Today Humanity has reached a definitive stage in it`s development. Now A full Three hundred years since the renamed North American Space Agency first promised a unique planetary body complete with an Earth like artificial Bios-Sphere, to each and every organised group and Religion on Earth in exchange for a permanent and lasting Peace for mankind,the very last group has reached it`s destination. That promise has now been finally fulfilled. Contact has been made with Dick Head, Hippie leader and commander of the Space vessel Voyager Ganja 1,missing, believed lost with all on board for a period of one hundred years.

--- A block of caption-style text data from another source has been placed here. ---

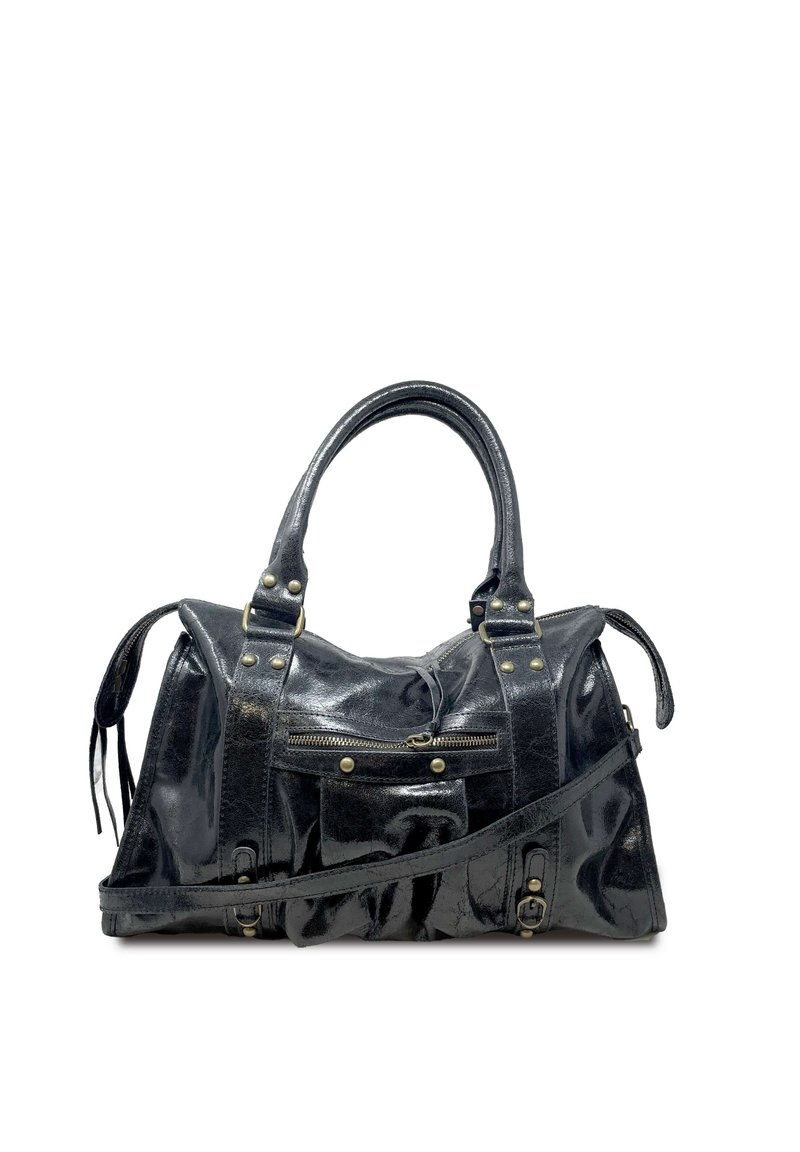 Borsa a mano in pelle nera lucida con doppi manici e tracolla staccabile. Presenta numerosi zipp e dettagli in ottone. Superficie testurizzata.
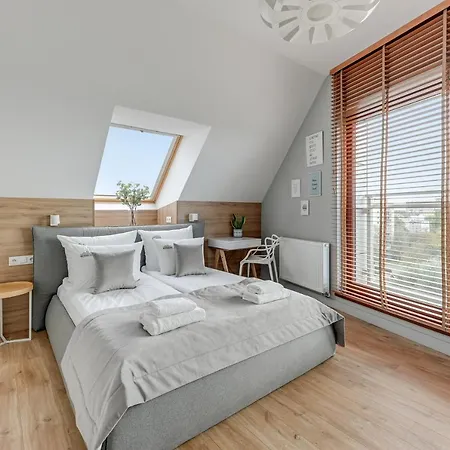 Nowa Motlawa Spa, Pool, Gym & Parking By Downtown *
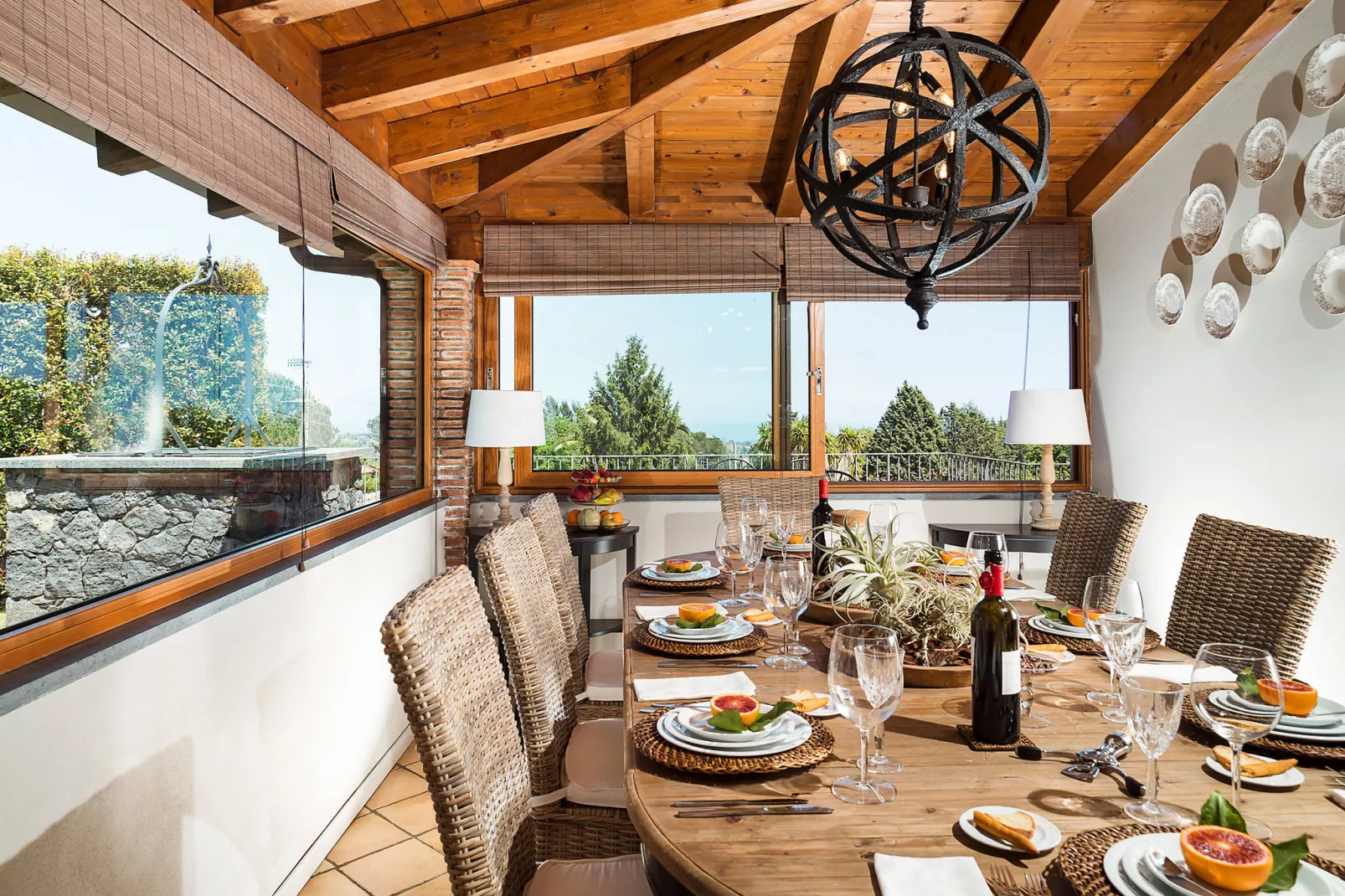 Viagrande-Dining room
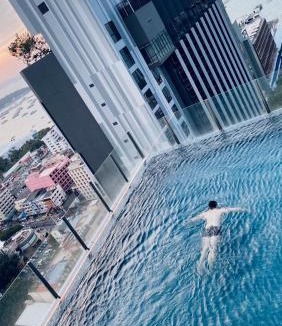 Pattaya Bay Apartment | The BASE Central Pattaya Quiet KING-Bed with Infinity Pool & Free Netflix!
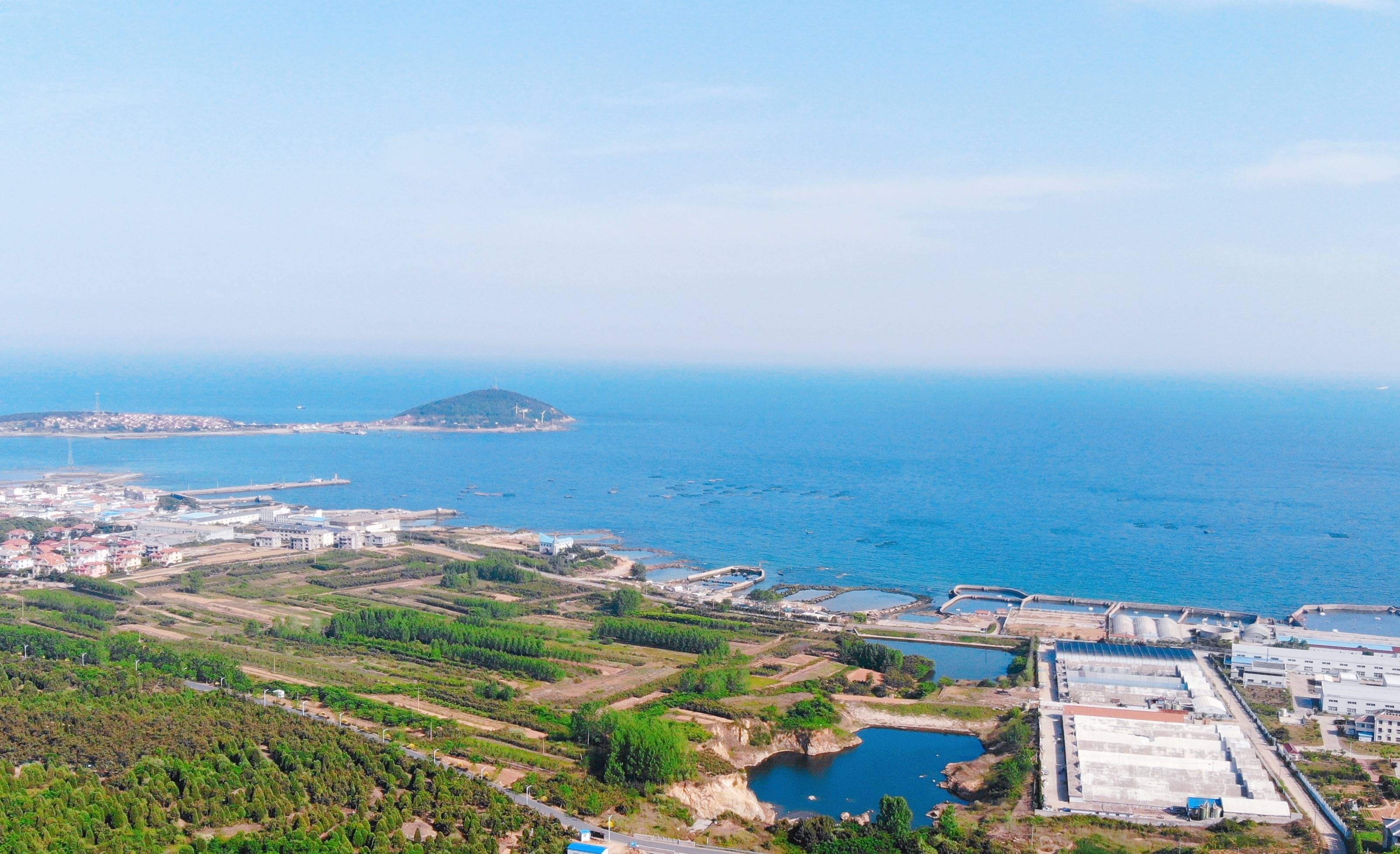 青岛这座山竟是2000年前的都城，秦始皇住这里，银龙海湾免费开放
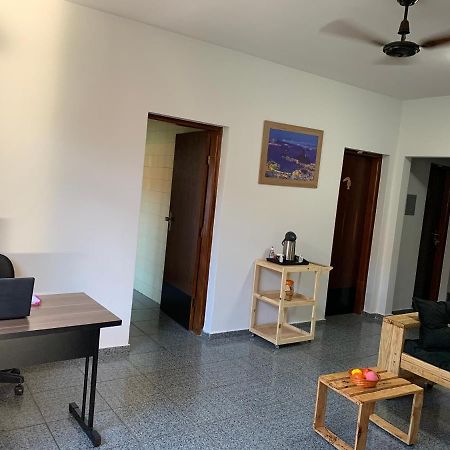 H One Hostel Goiania Bagian luar foto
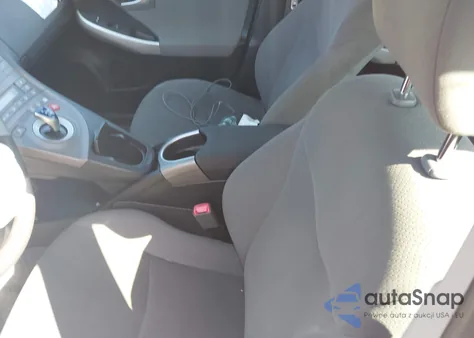 2013 Toyota Prius Two z USA, uszkodzony, nr VIN JTDKN3DU6D5637055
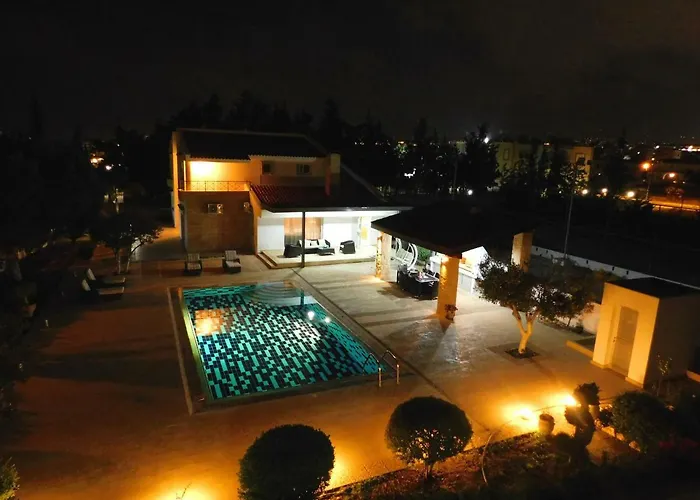 6 Bdr With Tennis Court * Paphos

The ship has now successfully landed and created a new Earth like Bio-sphere a full sixteen Galaxies away from Earth on a new Planetary body the Hippie commune now call `Bong`. When asked why the vessel had veered of course by fifteen Galaxies Mr Dick Head replied `Hey man we cruised into space and like this voice from the onboard computer said like`.. `Please state your destination` I was totally blown away,kind of groovy. All I said was `Well dig that baby, A talking P.C` ...`Far out man`.. Next thing I know we all wake up from the Stasis thing (suspended animation) and we are as far out into Space as we can possibly be.. Computers take things so literally man. Cosmic.
[... End]


News in Brief

Eastenders Still Going Strong.
A T.V. show about working class life in London wins special award for regurgitation of old story lines used before in the show.
[... End]

Earth News
Wind Farm And Solar Energy Power lights up.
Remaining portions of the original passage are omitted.